It would be helpful to have some more insights from Cabal experts into the feasibility of those solutions – in particular, how much breakage it would cause to change Cabal's package DB codec for the package-name field to include the library name, as in package-name: mypackage:somelib. Maybe @andreabedini or @phadej can help here?

(EDIT 3 Dec 2024: my current understanding for what ghc (at least, GHC 9.4.7) actually does is now different - see #25035 (closed); if the name of an installed package follows Cabal's convention for munging the names of sub-libraries, ghc appears to be behaving as if the name of an installed package was actually the name of the Cabal package. The package-name field seems to have no role in this.)

If the GHC bug were fixed, such that GHC ~~ignored the content of the package-name field (which refers to a Cabal package, not an installed package)~~ (EDIT 3 Dec 2024) respected the given content of the name field, and -package <pkg> (expose an installed package) was once again consistent with the output of ghc-pkg list <pkg> (list installed package(s)), would GHC care what Cabal put in that field? Or am I missing something?
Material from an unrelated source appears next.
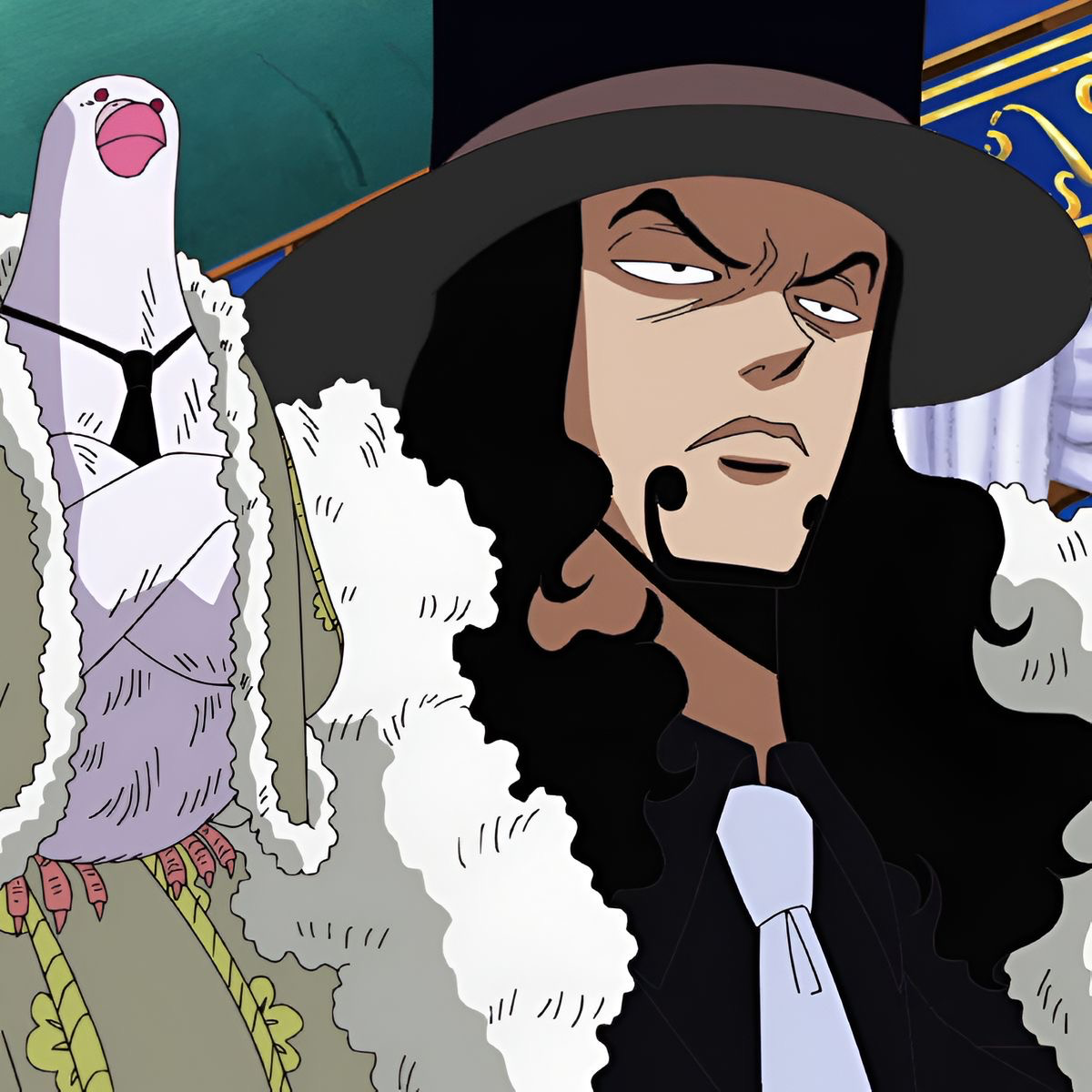 Rob Lucci (V1)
I assume that would make it consistent with ghc-pkg, though I have not investigated how package-name is used otherwise in GHC. In any case, sublibraries would then be referred to as z-mypackage-z-somelib, so there's still some UX improvements to be made, and since it's also Cabal who writes the name field, the required change would be very similar.

Definitely worth finding out what the extent of package-name's influence in GHC is though.

changed the description

It would be helpful to have some more insights from Cabal experts into the feasibility of those solutions

TL;DR, they are not feasible.

You could tie Cabal and GHC more closely together, but IMO that would mean, that at the very least, the Cabal (the library) part should live in GHC source tree then (c.f. haddock).

How do you consider the proposed approaches as "tying together" in a negative sense? It appears to me that the package DB config is a shared protocol – coordinating the field interpretation seems inherently necessary

I do think that having InstalledPackageInfo defined in Cabal-syntax; and ghc-pkg depending on Cabal-syntax basically only to use InstalledPackageInfo type is a suboptimal design.

The shared code between Cabal and GHC is not full Cabal-syntax. AFAICT, it's only parsing framework and InstalledPackageInfo grammar.

GHC "kind of "owns" the InstalledPackageInfo structure (as it's used for package databases). If external tools need some support, e.g. extra fields, because they want to build multi-libraries support, they should ask(ed) GHC devs to add it (and discuss other implementation concerns).

That dialogue hadn't been done (probably because code lives in other repository, so the ownership is not clear), so we are where we are.

AFAICT, the "bugs" happen from different interpretations of InstalledPackageInfo, which I would address as a consequence of uncclear ownership (no one have any idea what the fields actually mean). At the moment, both Cabal and GHC seems to treat that type as an own one, and neither is the source of truth on how to interpret package registration information.

EDIT: I'm not a GHC nor Cabal developer, so I have no say in what will happen next. I only tell what I know or think happened.

Oh, I assumed you were a Cabal dev for some reason, apologies.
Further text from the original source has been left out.